**What to work on**
Using the data beneath this instruction, retype only the lines from the one that contains "Happy Dog Eating Rex Dog Food" down to the one that contains "ALMIAAD مفرش سرير", both included, exactly as they appear.

= = = = =

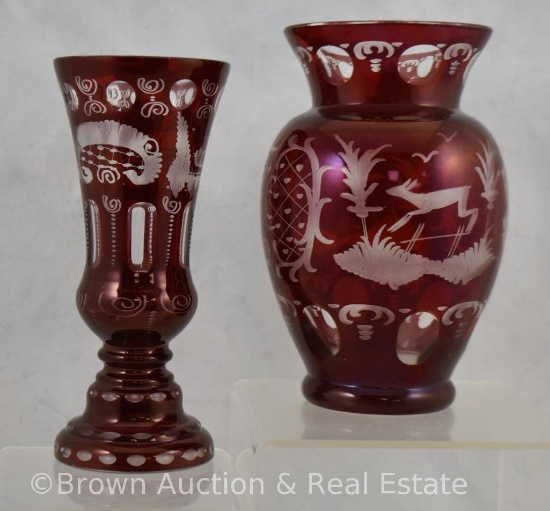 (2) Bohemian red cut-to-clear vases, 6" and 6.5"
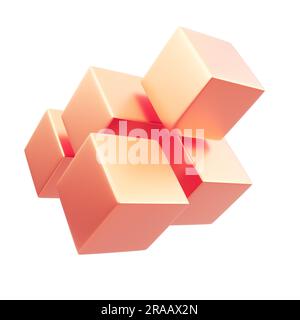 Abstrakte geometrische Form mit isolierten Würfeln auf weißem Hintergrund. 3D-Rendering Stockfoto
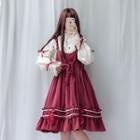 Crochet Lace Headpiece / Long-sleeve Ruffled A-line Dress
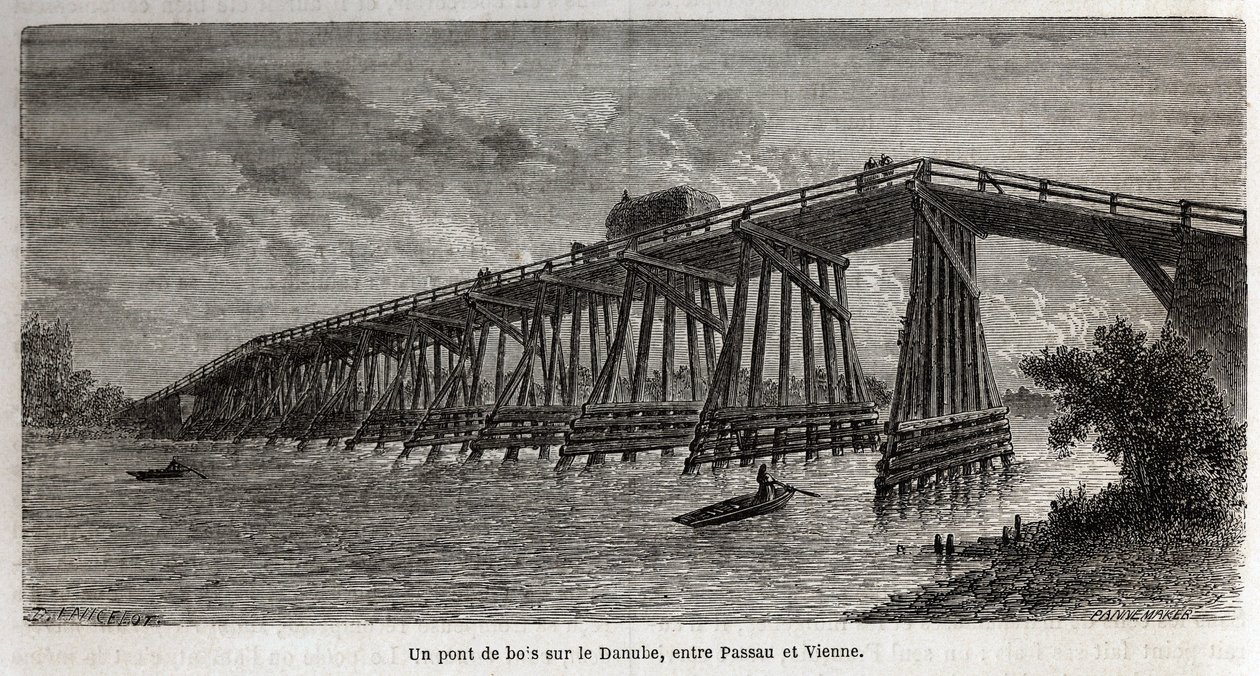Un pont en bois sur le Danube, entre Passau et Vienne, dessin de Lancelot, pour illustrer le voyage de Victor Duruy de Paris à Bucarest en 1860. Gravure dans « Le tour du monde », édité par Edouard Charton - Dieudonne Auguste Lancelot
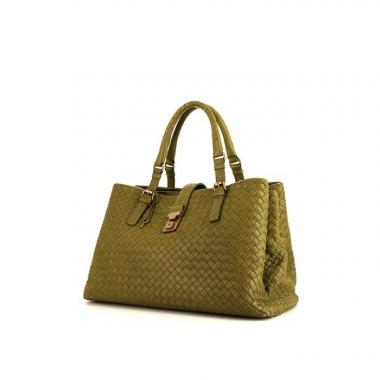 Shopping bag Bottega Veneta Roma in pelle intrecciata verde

= = = = =

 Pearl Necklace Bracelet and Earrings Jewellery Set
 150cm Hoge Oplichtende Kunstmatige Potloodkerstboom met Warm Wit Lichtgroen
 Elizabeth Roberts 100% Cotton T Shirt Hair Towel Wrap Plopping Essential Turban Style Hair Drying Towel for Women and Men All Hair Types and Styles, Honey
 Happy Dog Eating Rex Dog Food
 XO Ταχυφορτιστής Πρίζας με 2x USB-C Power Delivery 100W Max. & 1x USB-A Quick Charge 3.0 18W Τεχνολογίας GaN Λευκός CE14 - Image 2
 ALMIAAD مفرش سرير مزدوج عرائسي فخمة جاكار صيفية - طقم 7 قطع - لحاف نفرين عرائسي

= = = = =

**Answer to the exercise**
 Happy Dog Eating Rex Dog Food
 XO Ταχυφορτιστής Πρίζας με 2x USB-C Power Delivery 100W Max. & 1x USB-A Quick Charge 3.0 18W Τεχνολογίας GaN Λευκός CE14 - Image 2
 ALMIAAD مفرش سرير مزدوج عرائسي فخمة جاكار صيفية - طقم 7 قطع - لحاف نفرين عرائسي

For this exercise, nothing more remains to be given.